Осенние дни, точно листья крошатся. Ну что теперь делать? Грустить? Сокрушаться? Крошатся они, точно листик сухой… Не хочется звать эту пору глухой. Напротив: чем падают листья быстрее, Тем слух восприимчивей, тоньше, острее. Пустее пространство, реальнее шанс Неслыханный вдруг получить резонанс У каждого шороха, каждого вздоха. И чудится, что наступает эпоха Сердечного отклика, чуткости той, Которой так славится век золотой.

 

«Я не уйду отсюда. Дудки…»

Я не уйду отсюда. Дудки. Да у меня же ни минутки Свободной. Целый день кручусь — Верхом на шарике качусь. Катаюсь, скорость набирая, То от восторга замирая, То залетая в темноту, То снова жмурясь на свету.

 

«Зачем проходит жизнь сия…»

Зачем проходит жизнь сия Так близко от небытия, Проходит в двух шагах буквально От черноты, что так провальна, Так безнадёжна и густа? И даже лучшие места — В партере где-то или в ложе — И те на самой кромке тоже.

 

«Счастье есть. Просто где-то оно притаилось…»
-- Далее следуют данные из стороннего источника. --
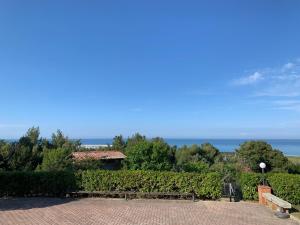 a bench in a park with the ocean in the background at Vigna Sul Mare in Marina Palmense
Счастье есть. Просто где-то оно притаилось. Может, в доме в укромном углу притулилось, Может, спряталось где-то в осеннем саду. Ему просто не хочется быть на виду. Оно верит, что, если кому-то приспичит Отыскать его, тот его тихо покличет, В каждый угол заглянет и в каждый закут, И обшарит весь сад, вопрошая: «Ты тут?»